Cocker Spaniels were once categorized based on their size, and various varieties of spaniels may be born in the same litter. The different spaniel varieties eventually formed separate breeds, and the Cocker was no exception. By 1946, the size and look of the Cocker and what is now the English Cocker Spaniel had diverged to the point that the two breeds were separated.
After the premiere of Disney's iconic film "Lady and the Tramp" in 1955, the Cocker's popularity surged. Because of their enormous popularity, there has been an increase in improper breeding, which has resulted in some unpleasant temperaments, but Cocker breeders have worked hard to remedy the issue.

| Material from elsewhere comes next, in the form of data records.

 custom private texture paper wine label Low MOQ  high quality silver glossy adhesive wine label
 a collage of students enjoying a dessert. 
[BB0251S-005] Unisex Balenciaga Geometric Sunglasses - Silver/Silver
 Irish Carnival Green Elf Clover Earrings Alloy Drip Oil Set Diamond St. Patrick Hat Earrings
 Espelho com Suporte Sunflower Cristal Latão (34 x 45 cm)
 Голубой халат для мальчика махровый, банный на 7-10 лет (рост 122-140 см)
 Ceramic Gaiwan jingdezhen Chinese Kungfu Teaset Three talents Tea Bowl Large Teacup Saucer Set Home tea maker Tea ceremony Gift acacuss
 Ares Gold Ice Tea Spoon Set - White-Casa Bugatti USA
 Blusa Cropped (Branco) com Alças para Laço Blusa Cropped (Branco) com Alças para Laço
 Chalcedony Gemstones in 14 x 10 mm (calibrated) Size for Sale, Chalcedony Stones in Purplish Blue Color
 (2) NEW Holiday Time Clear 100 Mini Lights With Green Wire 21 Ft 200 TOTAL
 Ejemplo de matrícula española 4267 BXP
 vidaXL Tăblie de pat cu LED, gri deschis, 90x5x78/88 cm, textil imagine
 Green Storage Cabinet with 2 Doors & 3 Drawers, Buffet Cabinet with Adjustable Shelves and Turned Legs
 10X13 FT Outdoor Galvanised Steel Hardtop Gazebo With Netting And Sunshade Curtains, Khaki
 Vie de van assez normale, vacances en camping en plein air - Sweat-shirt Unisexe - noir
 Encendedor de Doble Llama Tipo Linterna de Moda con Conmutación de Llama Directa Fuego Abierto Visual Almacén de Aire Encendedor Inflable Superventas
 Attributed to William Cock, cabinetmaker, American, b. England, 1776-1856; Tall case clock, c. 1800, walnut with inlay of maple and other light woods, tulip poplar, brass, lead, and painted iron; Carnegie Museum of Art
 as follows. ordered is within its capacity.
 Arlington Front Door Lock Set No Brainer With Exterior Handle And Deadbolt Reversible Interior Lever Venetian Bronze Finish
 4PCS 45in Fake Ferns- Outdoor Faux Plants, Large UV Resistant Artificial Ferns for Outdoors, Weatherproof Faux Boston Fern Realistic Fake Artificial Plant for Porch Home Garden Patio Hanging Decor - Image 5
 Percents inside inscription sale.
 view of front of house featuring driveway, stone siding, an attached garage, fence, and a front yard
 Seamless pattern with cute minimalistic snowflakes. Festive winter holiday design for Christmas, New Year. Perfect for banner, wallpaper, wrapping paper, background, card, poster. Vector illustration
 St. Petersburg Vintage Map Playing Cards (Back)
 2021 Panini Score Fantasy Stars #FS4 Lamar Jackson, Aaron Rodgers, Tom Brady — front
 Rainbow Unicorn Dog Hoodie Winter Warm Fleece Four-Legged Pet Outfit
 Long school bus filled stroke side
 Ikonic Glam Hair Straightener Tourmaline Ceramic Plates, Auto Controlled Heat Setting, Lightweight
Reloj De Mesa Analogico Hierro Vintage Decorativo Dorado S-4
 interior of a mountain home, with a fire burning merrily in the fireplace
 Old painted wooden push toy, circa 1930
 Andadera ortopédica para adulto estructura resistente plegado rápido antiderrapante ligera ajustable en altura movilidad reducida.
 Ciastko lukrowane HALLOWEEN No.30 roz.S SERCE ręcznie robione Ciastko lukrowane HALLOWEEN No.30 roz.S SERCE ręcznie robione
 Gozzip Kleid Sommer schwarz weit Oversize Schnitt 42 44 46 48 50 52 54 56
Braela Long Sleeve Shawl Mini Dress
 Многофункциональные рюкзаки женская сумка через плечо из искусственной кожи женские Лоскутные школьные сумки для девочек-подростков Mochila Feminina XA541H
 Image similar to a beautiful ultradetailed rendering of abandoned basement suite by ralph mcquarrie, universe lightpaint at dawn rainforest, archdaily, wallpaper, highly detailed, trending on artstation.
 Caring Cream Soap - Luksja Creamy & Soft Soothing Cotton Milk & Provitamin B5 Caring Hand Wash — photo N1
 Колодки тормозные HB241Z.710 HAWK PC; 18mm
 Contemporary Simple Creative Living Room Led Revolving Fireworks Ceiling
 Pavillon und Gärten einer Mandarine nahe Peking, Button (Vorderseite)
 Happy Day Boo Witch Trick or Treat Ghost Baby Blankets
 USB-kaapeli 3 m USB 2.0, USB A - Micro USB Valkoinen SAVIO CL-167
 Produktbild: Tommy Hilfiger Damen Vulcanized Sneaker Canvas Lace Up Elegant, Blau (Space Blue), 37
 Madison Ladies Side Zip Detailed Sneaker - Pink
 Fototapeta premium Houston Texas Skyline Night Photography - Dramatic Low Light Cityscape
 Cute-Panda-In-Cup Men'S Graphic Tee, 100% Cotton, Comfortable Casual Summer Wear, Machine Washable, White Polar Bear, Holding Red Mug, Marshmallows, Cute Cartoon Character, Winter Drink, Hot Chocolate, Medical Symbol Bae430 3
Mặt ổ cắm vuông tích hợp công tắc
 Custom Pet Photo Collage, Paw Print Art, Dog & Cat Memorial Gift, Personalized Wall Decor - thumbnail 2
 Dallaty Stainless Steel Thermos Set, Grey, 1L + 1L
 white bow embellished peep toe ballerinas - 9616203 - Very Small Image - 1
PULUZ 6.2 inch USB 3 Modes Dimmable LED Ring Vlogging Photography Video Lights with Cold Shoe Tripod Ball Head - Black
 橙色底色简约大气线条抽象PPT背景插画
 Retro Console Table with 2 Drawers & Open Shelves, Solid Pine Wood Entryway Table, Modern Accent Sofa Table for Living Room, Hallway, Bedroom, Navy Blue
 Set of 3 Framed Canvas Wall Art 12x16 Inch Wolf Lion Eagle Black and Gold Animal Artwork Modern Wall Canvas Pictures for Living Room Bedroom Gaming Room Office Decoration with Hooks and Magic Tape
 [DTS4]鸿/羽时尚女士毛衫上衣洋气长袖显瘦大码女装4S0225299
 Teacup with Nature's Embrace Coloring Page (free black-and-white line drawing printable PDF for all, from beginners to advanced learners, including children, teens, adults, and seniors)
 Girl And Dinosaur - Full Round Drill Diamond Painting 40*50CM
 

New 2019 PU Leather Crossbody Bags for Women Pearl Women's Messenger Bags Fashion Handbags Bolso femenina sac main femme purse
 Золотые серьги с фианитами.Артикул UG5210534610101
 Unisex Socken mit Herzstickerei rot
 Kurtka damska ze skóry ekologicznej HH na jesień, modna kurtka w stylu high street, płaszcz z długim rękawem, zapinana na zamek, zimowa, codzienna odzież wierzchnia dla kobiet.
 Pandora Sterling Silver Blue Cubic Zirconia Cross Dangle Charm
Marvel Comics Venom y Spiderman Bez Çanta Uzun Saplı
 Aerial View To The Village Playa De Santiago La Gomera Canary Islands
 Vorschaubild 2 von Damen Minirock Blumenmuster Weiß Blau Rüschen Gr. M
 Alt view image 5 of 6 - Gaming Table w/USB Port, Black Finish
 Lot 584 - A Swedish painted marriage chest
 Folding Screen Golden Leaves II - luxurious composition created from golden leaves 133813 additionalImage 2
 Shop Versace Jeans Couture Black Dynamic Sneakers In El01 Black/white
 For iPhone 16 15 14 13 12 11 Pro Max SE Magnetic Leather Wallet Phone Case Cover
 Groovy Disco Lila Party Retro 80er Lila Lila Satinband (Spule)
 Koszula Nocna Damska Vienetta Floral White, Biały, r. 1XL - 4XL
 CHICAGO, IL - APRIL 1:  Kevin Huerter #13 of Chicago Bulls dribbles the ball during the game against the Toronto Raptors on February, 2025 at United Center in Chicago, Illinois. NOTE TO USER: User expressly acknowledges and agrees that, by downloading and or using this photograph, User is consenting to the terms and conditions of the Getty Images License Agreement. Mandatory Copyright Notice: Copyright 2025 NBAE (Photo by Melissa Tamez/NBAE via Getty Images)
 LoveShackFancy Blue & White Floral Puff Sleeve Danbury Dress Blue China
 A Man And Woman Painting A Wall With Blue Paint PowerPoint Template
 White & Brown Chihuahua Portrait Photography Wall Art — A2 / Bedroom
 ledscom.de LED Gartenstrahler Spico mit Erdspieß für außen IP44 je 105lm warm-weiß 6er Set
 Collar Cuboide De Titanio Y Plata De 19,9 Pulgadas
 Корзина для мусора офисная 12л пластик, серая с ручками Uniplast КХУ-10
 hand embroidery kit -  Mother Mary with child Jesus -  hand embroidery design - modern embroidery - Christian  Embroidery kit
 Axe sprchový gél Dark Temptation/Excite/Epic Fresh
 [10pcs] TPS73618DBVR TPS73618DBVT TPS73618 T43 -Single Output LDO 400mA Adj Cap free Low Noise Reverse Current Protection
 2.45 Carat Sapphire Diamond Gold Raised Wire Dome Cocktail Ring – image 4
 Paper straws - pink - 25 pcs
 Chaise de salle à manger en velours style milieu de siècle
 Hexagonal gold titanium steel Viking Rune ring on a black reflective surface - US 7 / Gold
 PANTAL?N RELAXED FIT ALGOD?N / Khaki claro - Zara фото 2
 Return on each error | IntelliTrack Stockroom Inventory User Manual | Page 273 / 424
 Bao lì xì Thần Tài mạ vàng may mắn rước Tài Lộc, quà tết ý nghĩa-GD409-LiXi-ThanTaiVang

However, finding a competitive breeder who preserves the breed's trademark cheerful demeanor rather than continuing to produce the frightened and snappish pups that nearly wrecked the breed is still crucial today. Cocker spaniels are more commonly kept as household pets despite their reputation as capable hunters and sports breeds. Following WWII, their popularity skyrocketed. Cocker spaniels were the most popular breed registered with the American Kennel Club in 1984.
Before getting a Cocker Spaniel, do a lot of research. They're such social, loving dogs, yet they always want to have someone with them. They are fine with kids and have a loving, friendly disposition; so a Cocker Spaniel might be the perfect family companion for you! Although the Cocker enjoys relaxing with his family, he has a lot of energy to expend, so you'll need to schedule time for him to exercise and keep him engaged.